Fitting brms model and represent graphily

I’m new to Bayesian models.
I trying to create a model with “brms” to compare micronucleus counts beetween exposed and not exposed to pesticides population. For now that’s my model:

brm1 ← brm(MN ~ exposion + age + gender + BMI + alcohol + smoking + physical activity + ethnicity,
data = data,
family = poisson(link = “log”), chains = 4, iter = 3000, warmup = 1000,
set_prior(“normal(0,2.5)”, class = “b”, coef = “age”),
set_prior(“normal(0,2.5)”, class = “b”, coef = “BMI”),
set_prior(“multinominal()”, class = “b”, coef = c(“alcohol”, “smoking”, “physical activity”, “ethnicity”)),
set_prior(“bernoulli(0,5)”, class = “b”, coef = c(“exposion”, “gender”)))

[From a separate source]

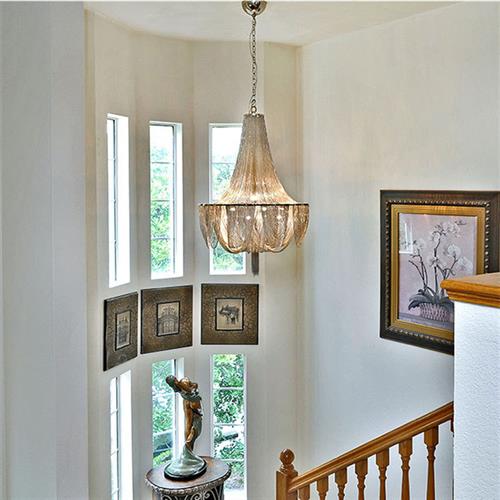 后现代铝链吊灯流苏灯客厅餐厅灯卧室灯别墅酒店会所吊灯链条灯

Ok, the model converges well apparently, with Rhat = 1.
But I’ve been having some trouble representing these results graphically.
First problem: When I access the results with Summary(brm1), some results of some variables are omitted, for example: In the variable exposure, I have two conditions “exposed” and “not exposed”, but the results just show the effect size for “not exposed”, the same occurs for “physical activity” where I have five different conditions.

Second problem: I not getting represent this results graphily. I thought in the forest plot to draw the effect sizes.

Well, if someone knows how i improve these and other points that I may be making mistakes, i thanks

Welcome to the Stan community, @Vitor_Girardi!

This is normal behavior, and doesn’t mean that your model is doing anything wrong. When you provide categorical predictors to a regression formula in brms, it will default to coding the first factor level in alphabetical order as the default/reference/intercept. (NB - This is the standard behavior for many R functions/packages.) You can set a different level to be the reference using relevel(my_factor, ref = "{desired reference level}"). As such, you’ll always see terms in the fitted model that omit one level of each categorical predictor. These apparently omitted levels aren’t left out of the model, instead they are fit as the (Intercept).

I suggest looking at the tidybayes package vignette for working with brms models. I think the ‘Posterior predictions’ subheading may have the kind of plot you’re looking for.